There’s no place like home.” It’s been 80 years since moviegoers first heard Dorothy deliver that classic line in “The Wizard of Oz.” A lot has changed since then, but not seniors’ belief in her heartfelt words. Nearly 9 in 10 people 65 and older would prefer staying in their current home as they get older, a way of life called aging in place. But doing so requires planning. After all, your parents could end up living in an unsafe environment if their home isn’t set up to help them transition into their later years.
Get a Grip
Has arthritis left them without the ability to get a tight grip to twist doorknobs? Here’s a simple fix. Change out old round knobs with lever-style handles. Slightly push the outer edge with your fingertips, hand, or even your elbow and like magic, the door is ready to open. You’ll find lots of styles at your local home-improvement store. If your parents just can’t part with their current doorknobs, go online and search for “doorknob gripper.” Slip it right over the existing hardware to get the traction needed to turn the knob.

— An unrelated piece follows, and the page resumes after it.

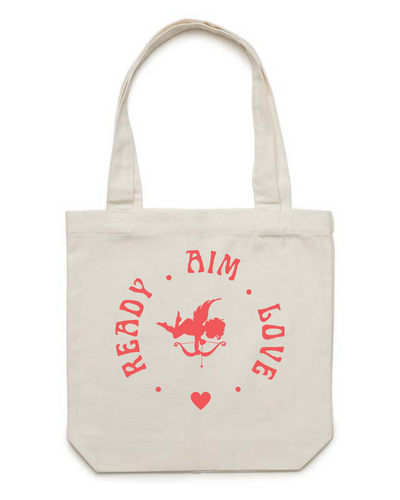 The Merchants of Joy Ready Aim Love tote bag canvas bag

Is the entrance to their home uneven? Thresholds — those strips of wood or metal that run across the base of an entry door frame — can easily cause stumbles. Consider removing the threshold and attaching a retractible bottom at the foot of the door. It will automatically seal any space between the floor and missing threshold each time the door is closed, keeping cold and hot air from entering the house. Or they can keep the threshold and add a portable ramp. Depending on the size, you can find ramps for less than $100.
Give Falls the Slip
Slick surfaces make for unsteady walking. Bathrooms are especially dangerous, with lots of hard surfaces in a small space. One cost-effective way to make this room safer is to install grab bars in the shower and tub to make getting in and out easier. A hand-held shower head, combined with a shower seat, also make bathing easier. Consider mounting a grab bar by their toilets. It will give them extra support when sitting down or standing up — times when blood pressure is more likely to drop and cause dizziness.
Shine a Light
Do you fear your parents will stumble in the dark? Seeing clearly is a priority when it comes to avoiding obstacles. Encourage your parents to install battery-powered lights that use motion sensor technology. They may also need similar lights for the walkway leading to their home. Another senior-friendly option is a touch-activated lamps on their nightstands. No need for them to feel around in the darkness for a pull chain or tiny knob.
It’s often the little things that count. That’s certainly the case when it comes to independent senior living. Just a few simple, inexpensive changes can go a long way toward improving the quality of their lives. And the good part is they don’t have to tackle several DIY projects at once. Home safety is not an all-or-nothing situation. You can all chip in and do little at a time.